The main limitation of this study was its retrospective nature and the benefit of total resection of the affected ribs could not be proved.
In conclusion, although ES is an aggressive disease with a high incidence of local recurrence and distant metastases, long-term survival is achievable with appropriate and aggressive multimodal therapy. Relapses are not rare, but if they occur, surgical resection for secondary tumors can help improve survival. Surgical treatment with adequate margins in association with appropriate use of combined chemotherapy and postoperative radiotherapy or bone marrow transplantation, when indicated, is necessary for preventing relapses and achieving longer survival rates.

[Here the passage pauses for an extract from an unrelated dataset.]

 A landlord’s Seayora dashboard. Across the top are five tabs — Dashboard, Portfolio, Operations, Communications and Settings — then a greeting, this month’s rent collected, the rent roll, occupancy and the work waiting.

Further prospective and larger sample size studies are recommended to determine the prognostic factors and treatment results of thoracic ES.

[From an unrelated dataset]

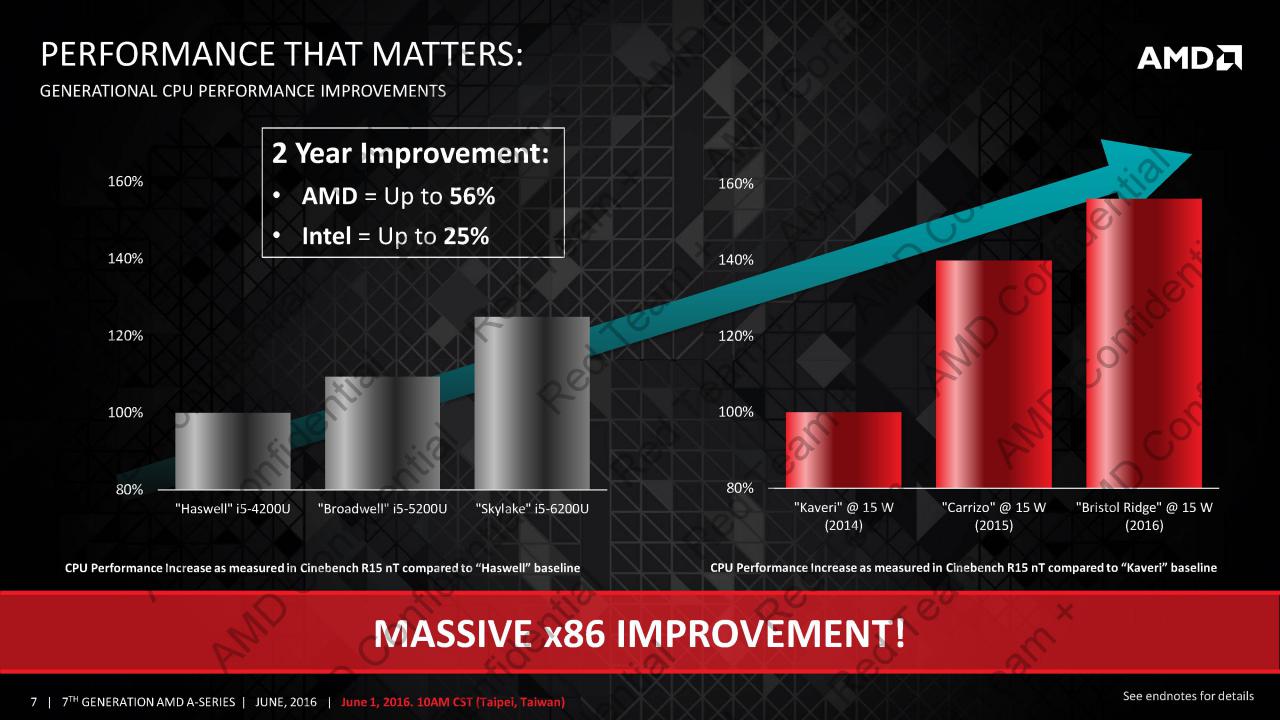 [01/06/2016] AMD hat auf der Computex seine neuen APUs mit Excavator-Kernen und neue A12- und FX-Modelle angekündigt. (7)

Declaration of conflicting interests
The authors declared no conflicts of interest with respect to the authorship and/or publication of this article.
Funding
The authors received no financial support for the research and/or authorship of this article.
Ethics approval
The study was approved by the institutional review board of Health Sciences University, Ataturk Chest Disease and Thoracic Surgery Training and Research Hospital (No: 03.12.2020/ 703).
Authors’ contributions
SH, YA; co-wrote the paper, collected the data, performed the analysis, KA, PB; contributed data/analysis tools, GF; conceived and designed the analysis, co-wrote the paper, SŞEG, MŞD; collected the data, SK; conceived and designed the analysis.